The human girl paused, dropping a few more pills as she began to shake. Anxiety was always able to see her moments to strike and now was no exception.
“What are you thinking!” she screamed. “You want to die? What is wrong with you? Something must be, no one is supposed to think something like that!”
Logic didn’t love the tone, but he couldn’t exactly argue with her right now. That had already caused enough trouble. While those two were making some progress, it would be up to Logic to put the final nail in the coffin.
“This isn’t right,” he said softly. “You can’t do what you are planning. You should call your family. Don’t let yourself be alone right now.”
The human let the entirety of the small pills fall to the floor, and she quickly collapsed next to them. She was hugging her sides, back to crying and vomiting onto the carpet as the reality of what just happened hit her. She grabbed her phone and dialed her mother, openly sobbing into the phone. The violent sadness was a million times better than the blank slate she had been moments before. Logic and Anxiety relaxed. Survival Instinct slinked back into its dark crevice.
The brain was quiet for a few seconds before Anxiety lightly chuckled. “You like metaphors.”
The comment was completely out of left field. “What?”
“We’re all parts of the human. I am you as you are me. I heard what you were thinking. ‘Put the final nail in the coffin’ is a pretty common one.”

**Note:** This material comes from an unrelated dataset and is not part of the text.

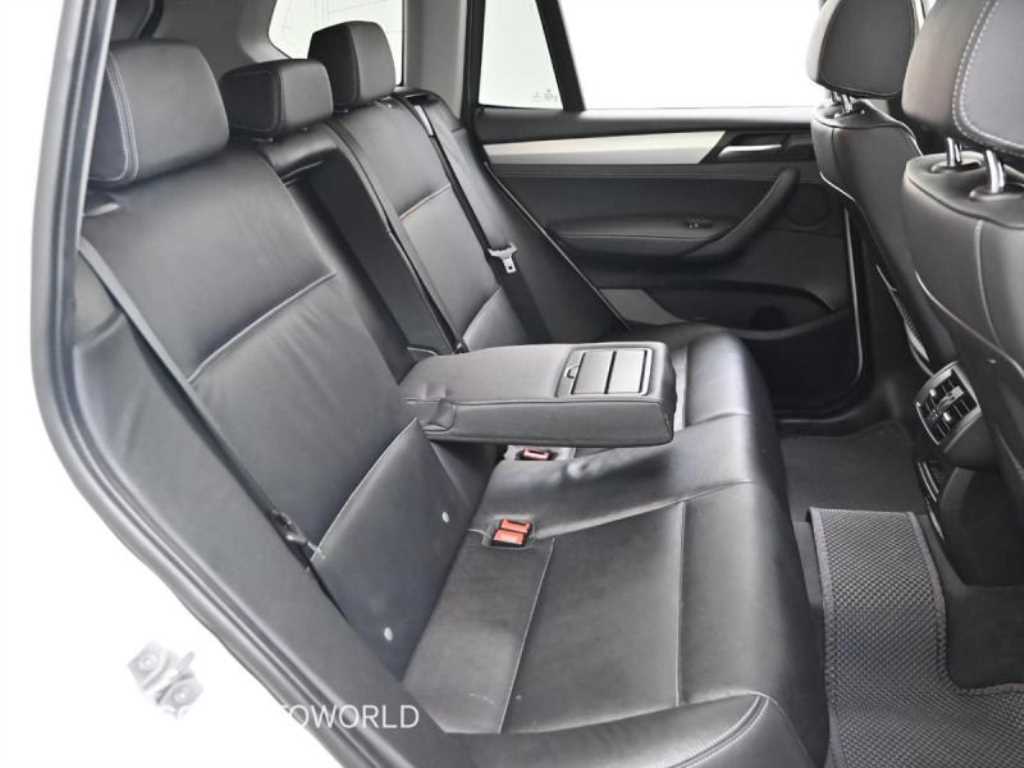 BMW X3 — photo 12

“Oh, shut up.” There was no heat in his words. He was too relieved to start up any more fights. Deep inside the brain, underneath sinew and muscle and fluid, a flame lightly flickered back into existence. It was small, but it was there. That was all that mattered to Logic. Perhaps this event would repeat itself in the future. There was no way to tell. But he would do everything to keep the fire alive, even if it meant working with parts of himself he had sworn to never acknowledge.